The control panel at the bottom of the screen (which can be moved or removed)
provides several mysterious icons that start up applications when clicked.
To start up netscape, click on the clock (leftmost icon), whose face is a
picture of a globe.
To obtain a terminal window, click on the arrow above the icon that shows
"cpu" (on the right half). This will pop up a choice that includes a console
window and a terminal window (called "This host"). Either of these will give
you a window into which you can type commands.
If you have a preferred mailer that you want to use and was not taken away
by the upgrade, then don't click on the mail icon (rightmost on the left side),
because that will bring up the default mail-reading program of CDE. Instead,
start a terminal window and type the desired command (pine/elm/mailx, etc.).
Next, you may be one of those who feel that moving a cursor to a window means
that you want to use it, and therefore it should become active without requiring
you to click on it. CDE has been set up with a "Click to make active" default.
You can correct this to "Point to make active" as follows:
On the right side of the center of the control bar is a confusing-looking icon
with lots of symbols, including a bunch of "T"s. This is the style manager,
which our system administration has been calling the "palette".
Clicking on it will bring up another panel with several categories in which
you can modify your configuration. One of these is "window"; click on it.
Now click on the "Point to make active" button. If you choose this, you will
probably also want to click on the top checked box below it to disable the
"move to front when active". These two changes will make the behavior more
like the previous window manager. After making these changes, click "OK".
CDE will now tell you that the window manager must be restarted to implement
them. Clicking "OK" will make the screen go blank for a moment and then
return to where you were before but with the new window behavior.

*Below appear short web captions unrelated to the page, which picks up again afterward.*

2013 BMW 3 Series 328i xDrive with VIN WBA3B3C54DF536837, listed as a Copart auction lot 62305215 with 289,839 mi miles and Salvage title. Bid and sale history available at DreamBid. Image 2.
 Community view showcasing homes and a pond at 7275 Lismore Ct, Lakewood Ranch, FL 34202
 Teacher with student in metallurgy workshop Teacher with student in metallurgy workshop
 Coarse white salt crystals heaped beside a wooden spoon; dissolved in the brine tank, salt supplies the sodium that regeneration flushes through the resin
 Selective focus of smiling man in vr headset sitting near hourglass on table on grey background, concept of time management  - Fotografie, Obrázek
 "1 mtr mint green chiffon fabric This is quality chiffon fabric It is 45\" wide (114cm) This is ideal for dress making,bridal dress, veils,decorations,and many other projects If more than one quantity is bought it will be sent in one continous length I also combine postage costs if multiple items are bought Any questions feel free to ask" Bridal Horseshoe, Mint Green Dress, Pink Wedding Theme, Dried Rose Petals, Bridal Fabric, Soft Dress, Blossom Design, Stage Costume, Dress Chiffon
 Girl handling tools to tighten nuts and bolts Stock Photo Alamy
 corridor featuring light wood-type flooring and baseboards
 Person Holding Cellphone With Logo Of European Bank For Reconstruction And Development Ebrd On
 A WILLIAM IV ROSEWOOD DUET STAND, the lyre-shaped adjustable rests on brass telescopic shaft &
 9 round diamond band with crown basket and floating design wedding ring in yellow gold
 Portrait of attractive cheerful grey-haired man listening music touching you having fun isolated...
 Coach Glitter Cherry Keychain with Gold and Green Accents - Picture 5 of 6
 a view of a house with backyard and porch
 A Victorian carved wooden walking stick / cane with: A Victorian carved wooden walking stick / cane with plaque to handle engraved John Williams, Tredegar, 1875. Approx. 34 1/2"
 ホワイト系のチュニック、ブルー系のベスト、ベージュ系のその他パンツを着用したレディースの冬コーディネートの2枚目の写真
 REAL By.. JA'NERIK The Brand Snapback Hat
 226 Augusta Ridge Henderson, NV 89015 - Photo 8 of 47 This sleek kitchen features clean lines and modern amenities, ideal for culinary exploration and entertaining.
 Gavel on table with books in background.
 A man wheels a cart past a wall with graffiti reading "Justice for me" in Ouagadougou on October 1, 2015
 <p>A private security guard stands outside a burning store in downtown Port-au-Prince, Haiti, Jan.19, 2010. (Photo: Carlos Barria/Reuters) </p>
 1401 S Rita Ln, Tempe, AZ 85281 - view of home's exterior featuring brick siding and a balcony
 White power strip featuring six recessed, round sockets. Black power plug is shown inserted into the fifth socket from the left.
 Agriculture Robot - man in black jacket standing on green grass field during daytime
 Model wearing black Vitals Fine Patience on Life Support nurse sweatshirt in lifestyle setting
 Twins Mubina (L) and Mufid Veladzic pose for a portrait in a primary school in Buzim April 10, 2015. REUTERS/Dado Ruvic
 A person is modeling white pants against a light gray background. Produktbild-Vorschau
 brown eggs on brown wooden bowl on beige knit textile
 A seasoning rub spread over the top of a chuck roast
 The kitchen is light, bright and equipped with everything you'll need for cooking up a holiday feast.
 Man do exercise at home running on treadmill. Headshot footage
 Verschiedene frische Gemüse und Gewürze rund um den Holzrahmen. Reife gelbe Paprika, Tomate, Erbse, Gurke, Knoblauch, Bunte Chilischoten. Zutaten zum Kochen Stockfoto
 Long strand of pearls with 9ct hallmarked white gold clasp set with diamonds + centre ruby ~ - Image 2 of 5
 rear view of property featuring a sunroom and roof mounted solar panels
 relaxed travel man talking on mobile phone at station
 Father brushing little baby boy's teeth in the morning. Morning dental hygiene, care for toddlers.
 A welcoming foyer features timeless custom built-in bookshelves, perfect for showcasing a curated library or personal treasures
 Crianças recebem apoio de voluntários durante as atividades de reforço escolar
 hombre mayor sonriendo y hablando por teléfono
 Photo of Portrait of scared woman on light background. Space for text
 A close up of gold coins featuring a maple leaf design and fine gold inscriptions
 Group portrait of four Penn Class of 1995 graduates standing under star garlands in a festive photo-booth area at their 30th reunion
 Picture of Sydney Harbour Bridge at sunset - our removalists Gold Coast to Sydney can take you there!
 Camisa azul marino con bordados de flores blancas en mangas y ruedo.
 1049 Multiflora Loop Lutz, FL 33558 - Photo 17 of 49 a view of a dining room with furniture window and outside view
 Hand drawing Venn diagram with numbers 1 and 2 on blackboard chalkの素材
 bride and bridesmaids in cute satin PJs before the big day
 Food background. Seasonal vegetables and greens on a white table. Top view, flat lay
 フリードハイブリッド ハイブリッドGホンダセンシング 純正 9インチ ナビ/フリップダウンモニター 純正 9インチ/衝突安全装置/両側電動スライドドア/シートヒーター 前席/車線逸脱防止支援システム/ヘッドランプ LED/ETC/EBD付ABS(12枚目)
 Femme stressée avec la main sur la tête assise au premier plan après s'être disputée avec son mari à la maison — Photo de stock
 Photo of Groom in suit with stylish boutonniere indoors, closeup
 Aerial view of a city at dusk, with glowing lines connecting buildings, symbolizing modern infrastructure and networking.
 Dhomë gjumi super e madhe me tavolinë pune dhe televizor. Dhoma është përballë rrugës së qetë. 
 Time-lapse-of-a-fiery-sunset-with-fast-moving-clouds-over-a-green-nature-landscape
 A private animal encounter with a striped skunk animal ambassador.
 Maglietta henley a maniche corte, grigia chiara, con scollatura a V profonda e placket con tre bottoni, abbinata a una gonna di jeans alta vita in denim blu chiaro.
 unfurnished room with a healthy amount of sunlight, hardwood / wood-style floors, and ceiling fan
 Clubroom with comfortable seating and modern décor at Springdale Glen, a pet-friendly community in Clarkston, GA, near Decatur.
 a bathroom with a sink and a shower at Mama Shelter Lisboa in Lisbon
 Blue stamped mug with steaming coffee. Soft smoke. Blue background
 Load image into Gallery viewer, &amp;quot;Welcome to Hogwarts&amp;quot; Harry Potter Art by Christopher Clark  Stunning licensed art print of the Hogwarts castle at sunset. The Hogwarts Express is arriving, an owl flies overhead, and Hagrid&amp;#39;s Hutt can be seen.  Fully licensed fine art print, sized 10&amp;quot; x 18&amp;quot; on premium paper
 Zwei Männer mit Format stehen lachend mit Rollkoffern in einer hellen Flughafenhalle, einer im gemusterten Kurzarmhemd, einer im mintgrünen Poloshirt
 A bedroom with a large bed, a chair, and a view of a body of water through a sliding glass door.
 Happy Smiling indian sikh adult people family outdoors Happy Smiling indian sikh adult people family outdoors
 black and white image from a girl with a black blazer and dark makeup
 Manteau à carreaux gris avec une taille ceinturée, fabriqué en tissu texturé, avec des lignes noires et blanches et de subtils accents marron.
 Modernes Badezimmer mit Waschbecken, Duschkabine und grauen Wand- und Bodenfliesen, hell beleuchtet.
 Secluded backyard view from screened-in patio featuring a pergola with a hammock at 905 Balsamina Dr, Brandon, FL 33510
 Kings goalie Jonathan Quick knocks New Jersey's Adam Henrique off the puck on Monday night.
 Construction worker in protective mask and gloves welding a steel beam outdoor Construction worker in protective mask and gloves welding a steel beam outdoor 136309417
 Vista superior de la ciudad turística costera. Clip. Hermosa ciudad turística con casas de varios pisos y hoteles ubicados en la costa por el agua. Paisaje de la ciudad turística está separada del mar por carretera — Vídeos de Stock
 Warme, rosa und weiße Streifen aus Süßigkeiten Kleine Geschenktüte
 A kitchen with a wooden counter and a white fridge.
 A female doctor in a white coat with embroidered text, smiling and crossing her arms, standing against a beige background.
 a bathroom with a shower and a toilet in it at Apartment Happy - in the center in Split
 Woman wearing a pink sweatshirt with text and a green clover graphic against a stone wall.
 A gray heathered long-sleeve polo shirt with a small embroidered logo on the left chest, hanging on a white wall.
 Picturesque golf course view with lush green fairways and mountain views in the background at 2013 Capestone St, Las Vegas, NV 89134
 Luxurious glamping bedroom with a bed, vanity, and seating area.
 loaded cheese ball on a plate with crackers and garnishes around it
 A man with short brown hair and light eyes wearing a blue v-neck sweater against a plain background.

To log out, there is a small square button on the lower right center of
the control panel called "EXIT". When you click on it, you get a
"logout dialog box". It informs you that if you logout, then when you
next login the manager will restart in the same setup it had when
you left ("current session"). This means that once you set up windows as
you want them, you can leave them there and they will be there when you log
in again. To accept this behavior, just click "OK". If you click "cancel",
then the logout procedure aborts.
You may soon grow tired of always being asked to confirm that you want to
logout and return to the current setup when you next log in. If so, you
can turn off the logout dialog box from the style manager (palette).
After clicking on the palette, click on "startup" (far right, next to
"Window"). There you can select the absence of the logout dialog.
Other miscellany: If you get tired of being asked whether you really want
to remove the file you just requested to remove, then comment out the line
"alias rm 'rm -i'" that was inserted into your .cshrc file. This will be
relevant if you have other aliases that use "rm". It is worth checking out
the new .cshrc that you have been given to select options like printer
destination. Guidance is available there about what the commands mean.